By August 13, 2014, protests became more violent, with Molotov cocktails used and the St Charles SWAT Team brought in. President Barak Obama criticized the police for use of excessive force with the initial peaceful protesters, world news agencies began to take note, and at this point, the DOJ entered the picture on August 20, 2014. A statement by United States Senator from Missouri, Claire McCaskill well-summed the situation. She stated,
“Militarization of the police escalated the protester’s response.” (Staff, 14AUG2014)
An important event occurred on August 23, 2014. Police held their own rally in support of Ferguson Police Officer Darren Wilson, who by now was under investigation by the Department of Justice, the Ferguson Police Department, and a Grand Jury. With a banner reading, “I am Darren Wilson,” about 70 persons rallied, most of whom were police officers.

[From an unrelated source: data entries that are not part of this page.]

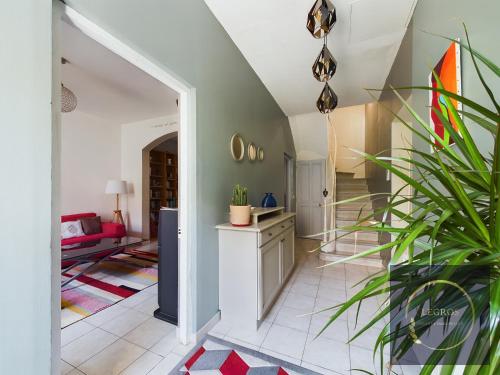 um corredor com uma cozinha e uma sala de estar em Maison Mascle 5 personnes em Châteaurenard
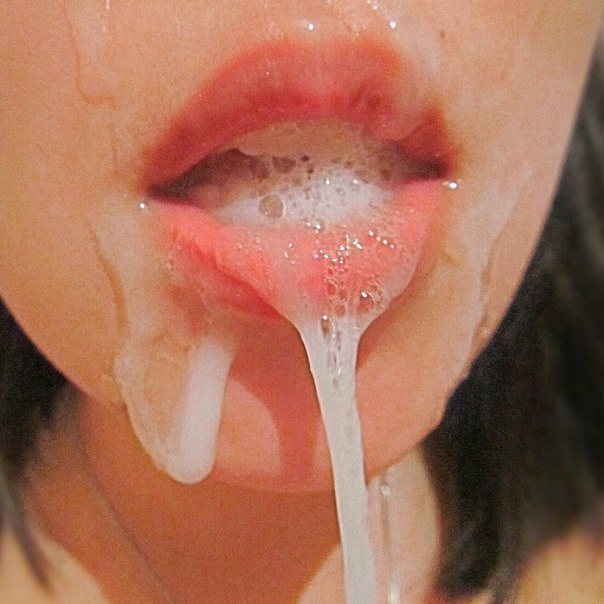 Милые кокетки наслаждаются вкусом спермы попавшей им в рот 2 фотография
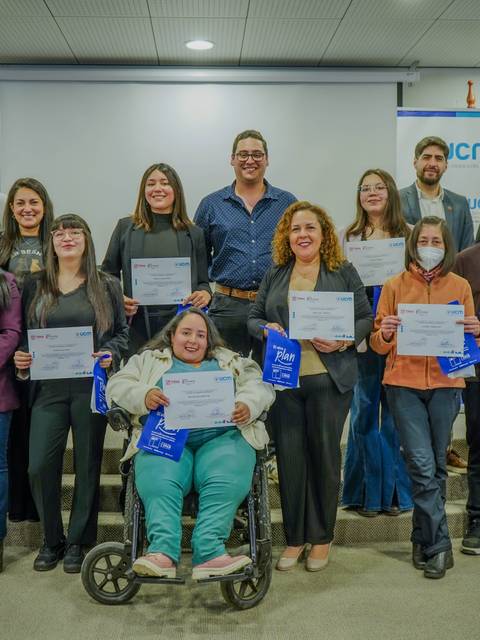 Grupo de personas sonrientes posando con sus certificados en un evento en Chile.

This show of solidarity is perhaps one of the key turning points in this entire event which continues to engulf the community of Ferguson, Missouri today.
Another, closely related, is that on September 23, a Michael Brown memorial which had been erected was burned (Haoues & Chuck, 23Sept2014). Police Chief Thomas Jackson apologized to the family via a released video (Bruton & Duchon, 29Sept2014) and three days later, the Department of Justice recommended that police in Ferguson cease wearing bracelets reading, “I am Darren Wilson” and additionally wear name badges. This request was made by the Civil Rights Division of the DOJ and reflects the reason the Department of Justice was called to the city to start with. (Haoues & Chuck, 26Sept2014). The situation in Ferguson, MO is more than simply a matter of police abuse, but there have been underlying racial tensions in the city and St Louis Metro for some time, as will be examined shortly.
Moving into October 2014, protests continued, mostly peaceful, but both the Missouri State Highway Patrol and St Louis County Police made arrests, including one freelance journalist named Mary Moore. Moore, who has contributed to CNN was among those arrested for minor violations including noise ordinance violations, resisting arrest, and failure to comply with police (Stewart & Reilly, 3Oct2014; Samuels 3Oct2014).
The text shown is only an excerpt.